I looked at my watch, and I didn’t try to hide it.  I felt as if we were trapped inside an encyclopedia, and were only halfway through the volume with Aa-As on the spine.

“What’s that I smell from the kitchen?” I interjected.  No one’s ever actually died of starvation at the Footnotes, but I didn’t want to take a chance.

“I’m making noisettes du porc au pruneaux,” Pam said.

“Sounds yummy!” my wife said.  “What’s that?”  I’m the Francophile in the family.


Yum!

“It’s a six-day bicycle race in France,” I said.

“Oo, you’re bad!” Pam said to me, then to my wife, “It’s pork with prunes.”  To my shock and surprise, the next words out of Dave’s mouth didn’t include a correction.

“We tried it when we took a tour of the Loire Valley in 2005,” he said.

“It wasn’t 2005,” Pam replied, “that was the summer right before Jeremy graduated from college, so it would have been 2004.”

“It wasn’t 2004, I would remember.  That’s the year the Red Sox won the World Series for the first time in 86 years.”

I was tempted to jump in with some sports talk and break the mind-forg’d manacles that always seemed to lock up the Footnotes’ talk, but I hesitated and was lost.

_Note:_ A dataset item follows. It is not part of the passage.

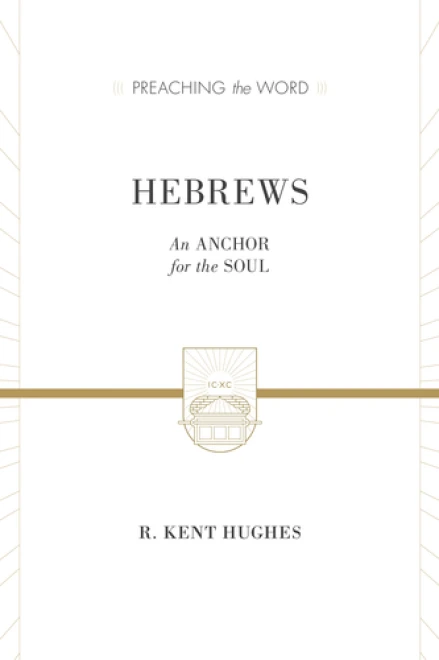 Hebrews [Preaching the Word]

“It had to be 2004, he graduated from high school in 2000, so . . .”

“You’re forgetting,” Dave said, gently reminding her.  “He got that F in biology on his junior year abroad, so he didn’t graduate until 2005.”

Pam was, for just a moment, speechless; there it was, out in the open, for all to see, like an upchucked chipmunk from their cat Mitzi on the rug in front of us.  The shame, the embarrassment that our children can cause us, we who like to present a placid exterior to our social equals, betters and inferiors.  I could detect in her face the hot flush of blood rushing to her cheeks.  It took her a moment, but–like the dinner party trouper she was–she shook off the blow and in a second had her wits about her again.

“It wasn’t biology,” she said finally.  “It was organic chemistry.”